* **TASK TO CARRY OUT**:
Each record that follows is to be reproduced character for character, pictures excepted.

[Items from a dataset]
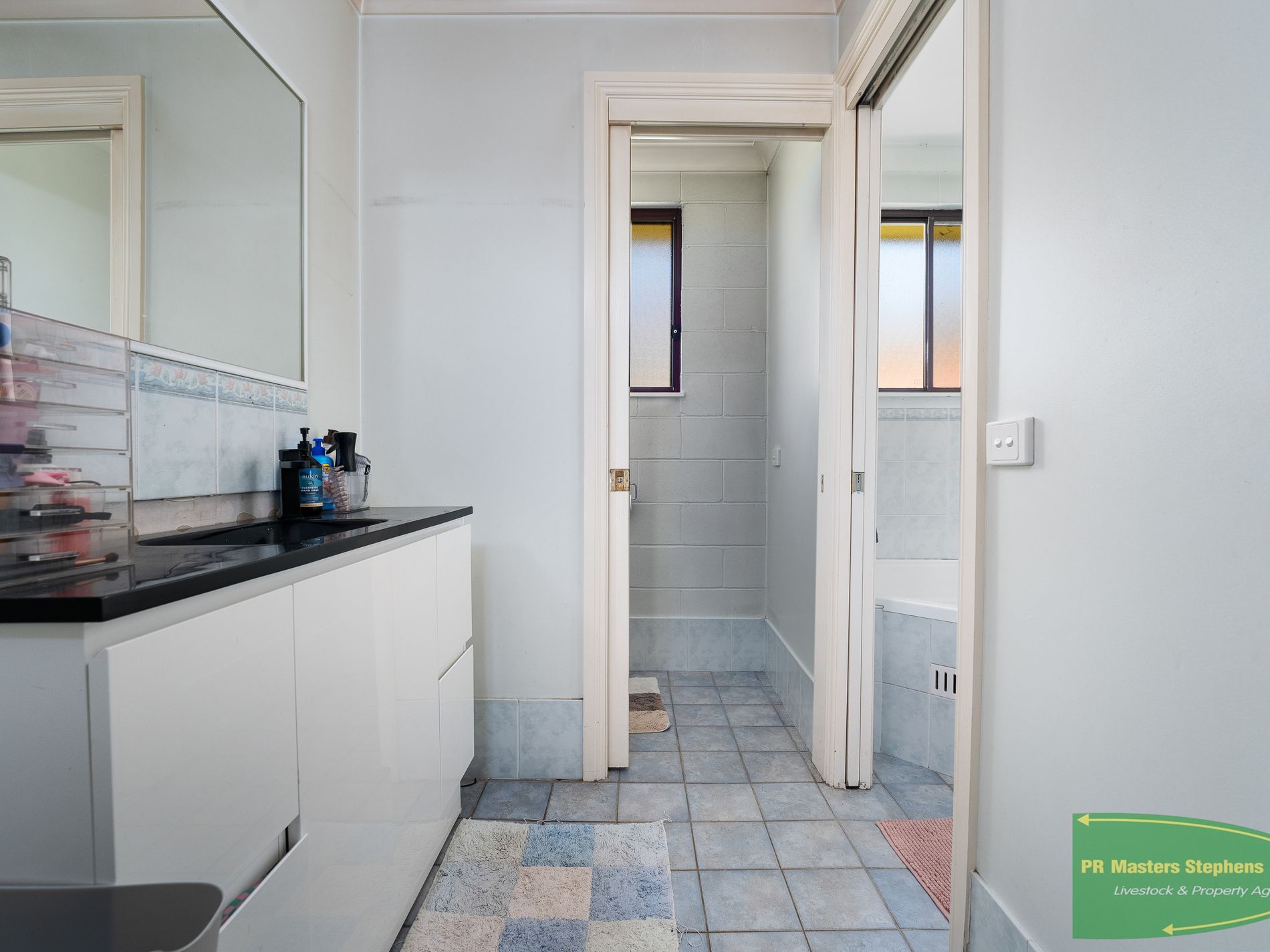 34 Wild Wood Road, Meadow Flat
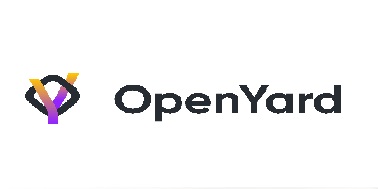 OpenYard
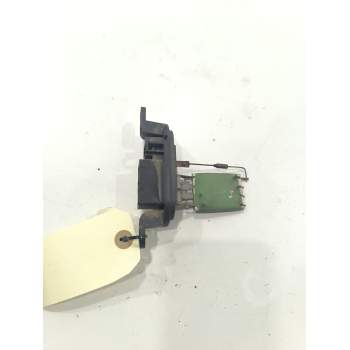 RESISTENCIA CALEFACCION A51004200 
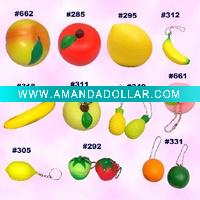 Wholesale popular PU gift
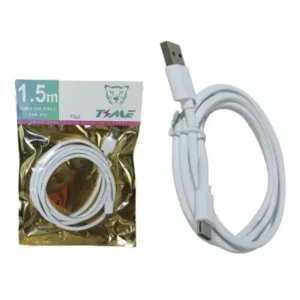Cable-Tipo-C-1.5-Metros-Tyme-Tmcb-6124-3-1.webp Cable Tipo C 1.5 Metros Tyme Tmcb-6124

* **WRITTEN RESPONSE**:
 34 Wild Wood Road, Meadow Flat
 OpenYard
 RESISTENCIA CALEFACCION A51004200 
 Wholesale popular PU gift
Cable-Tipo-C-1.5-Metros-Tyme-Tmcb-6124-3-1.webp Cable Tipo C 1.5 Metros Tyme Tmcb-6124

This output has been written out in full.